The Kashmir–Al Qaeda Tangle

The threat of war between nuclear-equipped India and Pakistan doesn't have the same level of attention from Washington as does the US war on Al Qaeda. But it should. The two conflicts are rapidly becoming linked.

First, the remaining Al Qaeda fighters appear to be supporting terrorist strikes on India from Pakistan, in the name of liberating the largely Muslim Kashmir from Indian rule.

And second, the strong possibility of a Pakistan-India war – one that might easily go atomic – could devastate the US antiterrorist efforts in Pakistan and Afghanistan.

In fact, it may be that Al Qaeda's remaining leadership is trying to further its goal of rallying Muslims into a global jihad by agitating a conflict with largely Hindu India, even to the point of igniting a wider war in South Asia.

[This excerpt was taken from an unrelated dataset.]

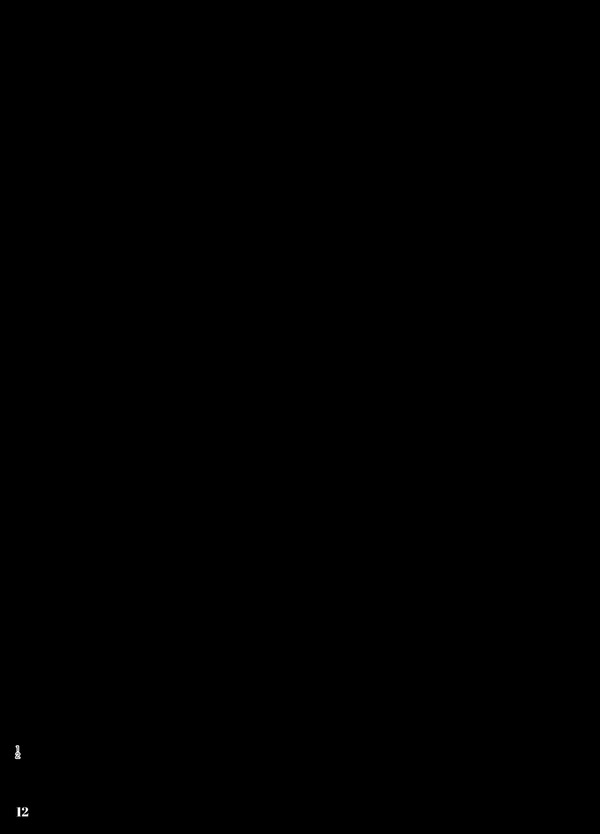 mcl11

Terrorist attacks on the Indian Parliament in December, and later on Indian soldiers and their families in Kashmir, have pushed India to threaten the same kind of war on Pakistan that the US did on Afghanistan to root out terrorists.

But while the US may sympathize with India, it needs Pakistan's military ruler, Pervez Musharraf, to crack down on Al Qaeda forces there. By doing little, so far, to end the Pakistan-India showdown, the Bush administration undermines its own war.

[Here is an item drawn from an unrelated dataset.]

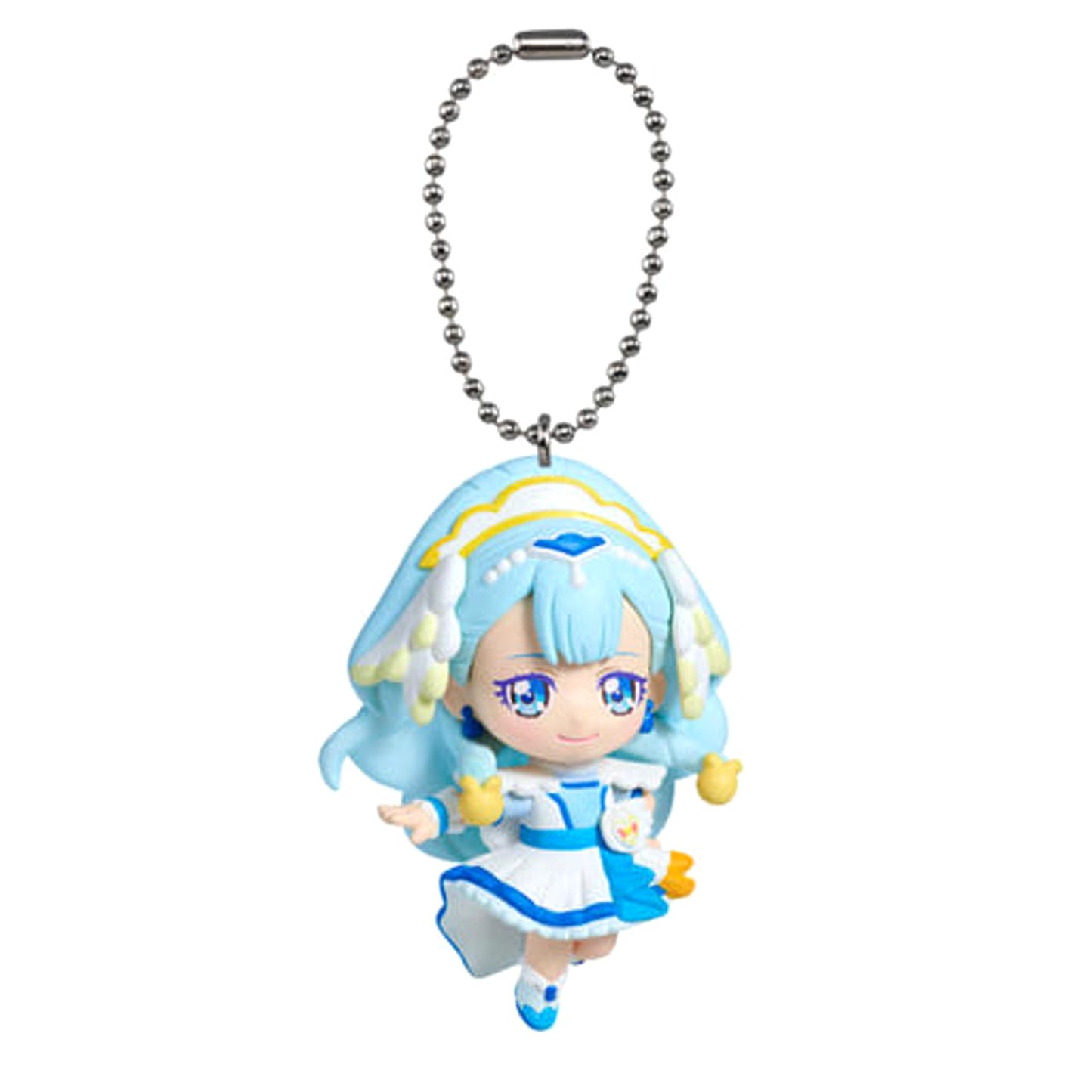 Cure Ange 2 Hug tto! PreCure Mascot [USED]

A diplomatic fatalism in the West over resolving the territorial dispute over Kashmir has hindered the US and Europe for decades. Ever since the British partition of its colony into India and Pakistan in 1947, the two nations have been estranged in many ways. Kashmir is just the flashpoint for deeper differences between the two nations, driven by silly stereotypes each side holds of the other.

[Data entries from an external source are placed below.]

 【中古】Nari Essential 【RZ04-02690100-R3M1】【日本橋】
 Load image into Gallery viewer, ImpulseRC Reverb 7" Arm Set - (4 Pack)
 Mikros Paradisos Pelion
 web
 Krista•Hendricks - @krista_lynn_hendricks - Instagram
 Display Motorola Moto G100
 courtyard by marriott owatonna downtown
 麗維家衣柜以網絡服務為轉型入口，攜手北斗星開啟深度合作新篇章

And as global prosperity largely passes them by, the two remain stuck in the domestic politics of extreme, irrational nationalism, which could lead to hair-trigger fingers on nuclear weapons.

Pulling India and Pakistan back from the brink only temporarily will not be enough for US interests. It's very possible that Mr. Musharraf lacks total control over the terrorists striking India and can't be held accountable if those attacks continue. A serious diplomatic intervention by the US is needed to set India and Pakistan on new paths of reconciliation, using various carrots and sticks.

Like the cold war, the war on terrorism may have sideshows that become the main event, à la Vietnam. But the US doesn't need to have an India-Pakistan conflagration distract it from its primary goal of eliminating Al Qaeda.